The agency had originally targeted Coinbase with an enforcement action in June, and it represents one of the clearest confrontations between the U.S. securities regulator and the crypto industry, represented by a publicly listed U.S. company that’s one of the biggest digital assets exchanges. The case’s outcome could change the course of the industry in the U.S.
“This is an extremely important case for, not just the cryptocurrency industry, but for the future of digital assets in America,” said Jason Gottlieb, a lawyer who works with crypto clients at Morrison Cohen in New York.
Howey test
Coinbase’s motion to get an early judgment argued that the SEC is well out of bounds, but the agency responded that the so-called Howey test that legally determines whether something is a security is very flexible and is meant to be widely interpreted. If investors expected profit from a project, that’s a central factor, agency officials including Chair Gary Gensler have said.
“To distract from the fatal flaws in its legal arguments, Coinbase cries foul and seeks to blame the SEC for its current legal predicament,” SEC lawyers said in their response to Coinbase earlier this month.
But Coinbase has argued – and some judges seemed to agree – that tokens aren’t inherently securities themselves and that they have to be attached to an investment contract to be defined that way.
“The SEC’s brief was more of the same,” said Paul Grewal, Coinbase’s chief legal officer, in a statement to CoinDesk. “We look forward to laying out the facts in our final response brief.”

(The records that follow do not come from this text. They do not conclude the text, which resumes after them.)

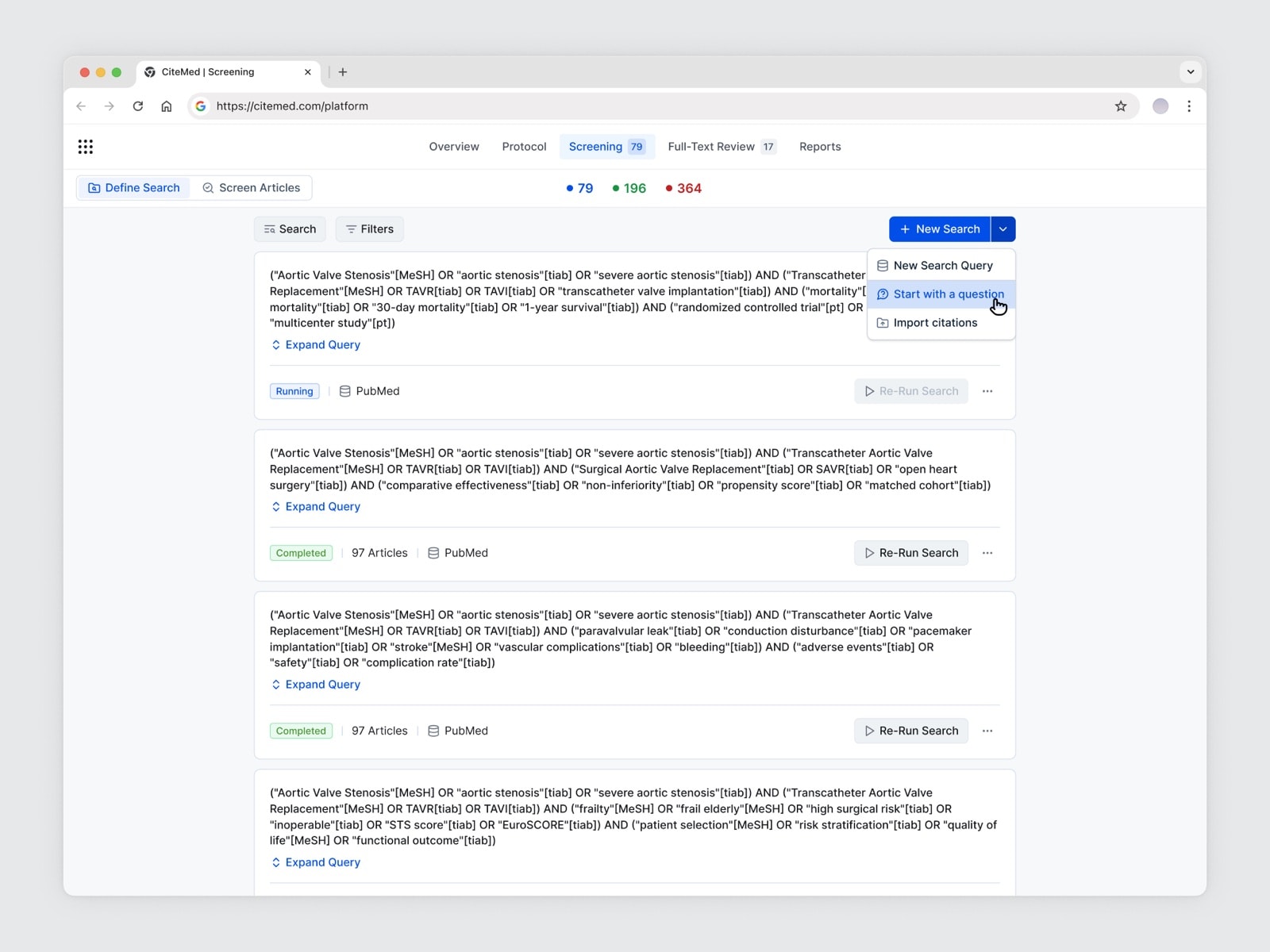 List of saved searches with their queries, status, source and article count, and a New Search menu offering New Search Query, Start with a question and Import citations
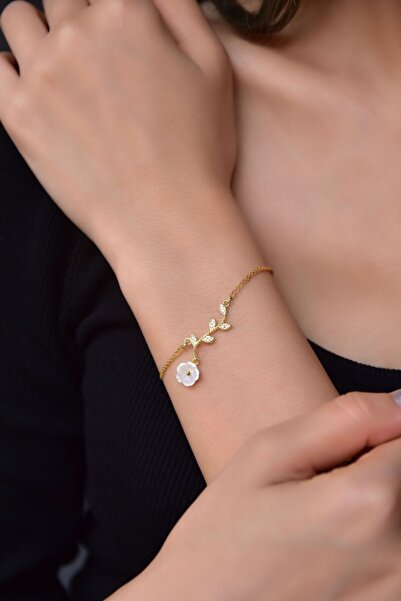 Papatya Silver 925 Ayar Gümüş Gold Kaplama Dallı Sedef Manolya Çiçeği Bileklik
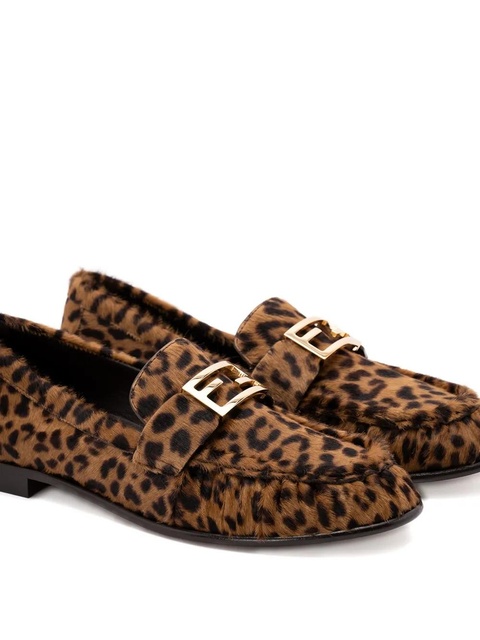 FENDI leopard-print logo-detail loafers - Brown - zdjęcie produktu nr 2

The SEC has suffered a series of court setbacks that have demonstrated the federal judges in its multi-front battle against the crypto industry aren’t rushing to show the agency deference. The SEC’s foundation that virtually all cryptocurrencies are securities and that unregistered companies trafficking in them are breaking securities law has developed significant cracks, most notably in the Ripple ruling that said that company didn’t violate the law in selling its affiliated XRP cryptocurrency to retail customers.
Major questions
Where the SEC may have some momentum is in Coinbase’s other assertion, that the “major questions doctrine” – the same legal theory that cost the Biden administration a recent loss in the dispute over canceling student loan debt – should keep the SEC from regulating in a space that Congress is writing legislation about. A recent decision from Judge Jed Rakoff in the Terraform Labs case, he argued that the SEC’s regulation of crypto doesn’t rise to the “extraordinary cases” that the doctrine is meant for. So the agency knows at least one judge in the same court has leaned toward its view.
However, Rakoff was addressing a specific argument in a specific case, and he looked at the industry through the frame of the $1 trillion value of all the industry’s tokens.
“The treatment of digital assets and the sale of digital assets is absolutely a major question,” Gottlieb said. “It’s much larger than a trillion-dollar question. It’s quite literally the future of the global economy.”
Judge Failla will respond in the coming weeks and could ask the parties to come to court and make these same arguments in-person. It could be 2024 before she makes her decision on this motion, but declining Coinbase’s request doesn’t necessarily represent a big win for the SEC. The case would then keep going into its next stages in which Coinbase would continue to make its arguments in advance of a potential trial.
And this isn’t the only battle the SEC and Coinbase are waging in court. The company had also sued the SEC in April, demanding answers to its petition asking the agency whether it would issue rules for crypto. That case may be approaching some conclusion, because the SEC told that court that the agency’s staff made a recommendation on Oct. 10 to the five-member commission on how to proceed with Coinbase’s petition.